Scaler failed, original was served
Section titled “Scaler failed, original was served”This can happen in two cases, outlined below. In both cases, we fail over to serving the original (usually much larger) image; this ensures we do not break functionality, but comes with client-side performance drag and higher egress traffic.
There are more scaling requests than available scalers
Section titled “There are more scaling requests than available scalers”Context:
We currently cap the number of scalers that may execute concurrently via Workhorse’s max_scaler_procs
config field.
If we trip that threshold, we will start ignoring new scaler requests.
Symptoms:
- Users may notice that image downloads take longer than usual
- The saturation metric on this panel will be degraded.
- In Kibana, you will see error logs saying
too many running scaler processes (x / y)
(with x > y) - In Thanos,
gitlab_workhorse_image_resize_requests_total
will have an elevated rate ofstatus="served-original"

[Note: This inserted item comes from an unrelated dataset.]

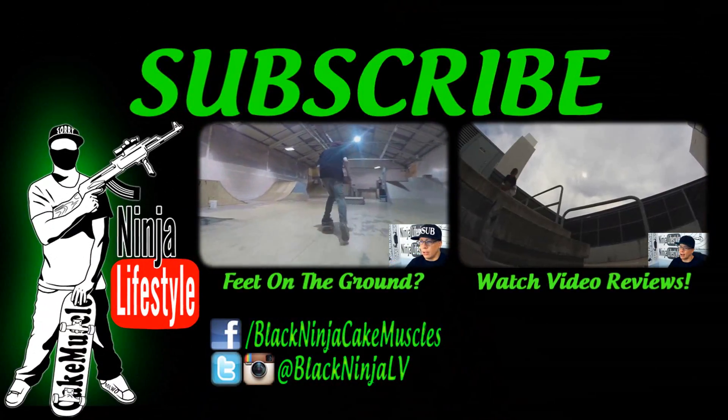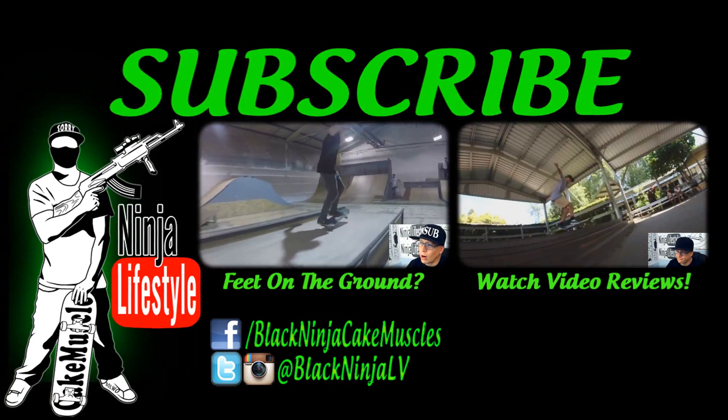You've got to subscribe! Instagram, Facebook, Twitter too!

To understand where the extra traffic might originate from, look for request spikes on these dashboards:
Actions:
We should assess whether we are merely dealing with a short burst of additional requests
or if we should consider raising the ceiling for max_scaler_procs
. It might help to get a process
listing from affected nodes and:
- See if scaler processes are getting stuck by looking at process listings (look for
gitlab-resize-image
procs). To unclog the pipes, killing these processes might be the easiest remedy. - See if scaler processes are finishing, but take a long time to complete (anything above a few dozen to a hundred milliseconds is too slow). The most likely explanation is that either the node is CPU starved (image scaling is a CPU bound operation) or that writing the scaled image back out to the client is taking a long time due to slow connection speed or other network bottlenecks.
The max_scaler_procs
setting is set in Workhorse’s config.toml
. For example:
[image_resizer] max_scaler_procs = XX
Note that we can always scale out to reduce pressure on this by running more Workhorse nodes.

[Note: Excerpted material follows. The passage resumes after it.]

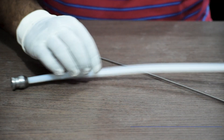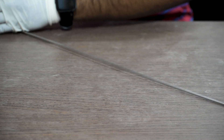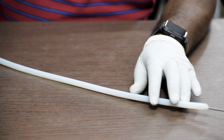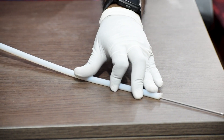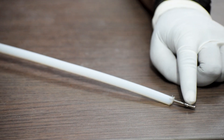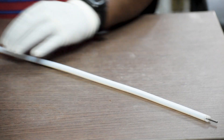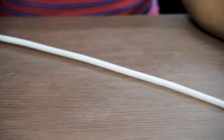Thereafter, we will use the medullary tube, inserting it through the help of the guide wire. Once inserted, we will check under the C-arm that the medullary tube is properly inserted and the end of the guide wire is in the proper place — confirming the medullary tube has gone all the way to the beaded end of the guide wire. Once done, we remove the beaded or olive guide wire and insert a plain guide wire through the medullary tube.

The scaler process did not start
Section titled “The scaler process did not start”Context:
This means that we could not fork into gitlab-resize-image
.
Symptoms:
- Users may notice that image downloads take longer than usual
- In Kibana, you will see error logs saying
fork into scaler process: <reason>
- In Thanos,
gitlab_workhorse_image_resize_requests_total
will have an elevated rate ofstatus="served-original"
Actions:
This is unlikely to “just happen” and your best bet is to look at logs in Kibana to understand why.
No image was served
Section titled “No image was served”Context:
This means we were entirely unable to serve an image to the client. This will always result in a 500, and is a user facing error. Unfortunately, there are also countless reasons for why this might happen.
Symptoms:
- Users may see broken images or no images at all
- In Thanos,
gitlab_workhorse_image_resize_requests_total
will have an elevated rate ofstatus="request-failed"

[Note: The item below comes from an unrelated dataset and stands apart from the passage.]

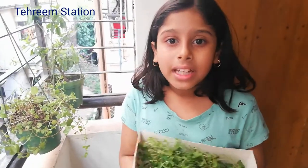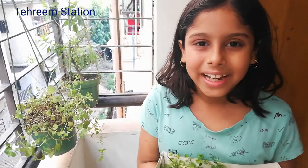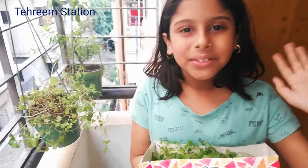You can make salad, drinks, and sauce from mint. Mint improves our brain power, it is also good for our skin and for cold and cough. That's all for today, see you in the next video, bye!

- In Kibana, request logs for the scaler will contain error messages
Actions:
This is likely to be highly contextual, but a few things to look out for:
- Are we failing to serve any data? This could be indicated by the
json.written_bytes
field in Kibana logs being 0 - Did we previously fail over to the original image and did we fail to serve that, or did we scale successfully but failed to serve the rescaled image? Scaler failure should be indicated by additional error logs preceeding the serving failure.
- Was there a problem accessing the image in object storage? Check if there is a problem with GCS credentials.
- Did
gitlab-resize-image
return with a non-zero exit code? Scan logs for why this happened. - Are clients timing out and closing the connection? This could indicate that we are taking too long to serve image data.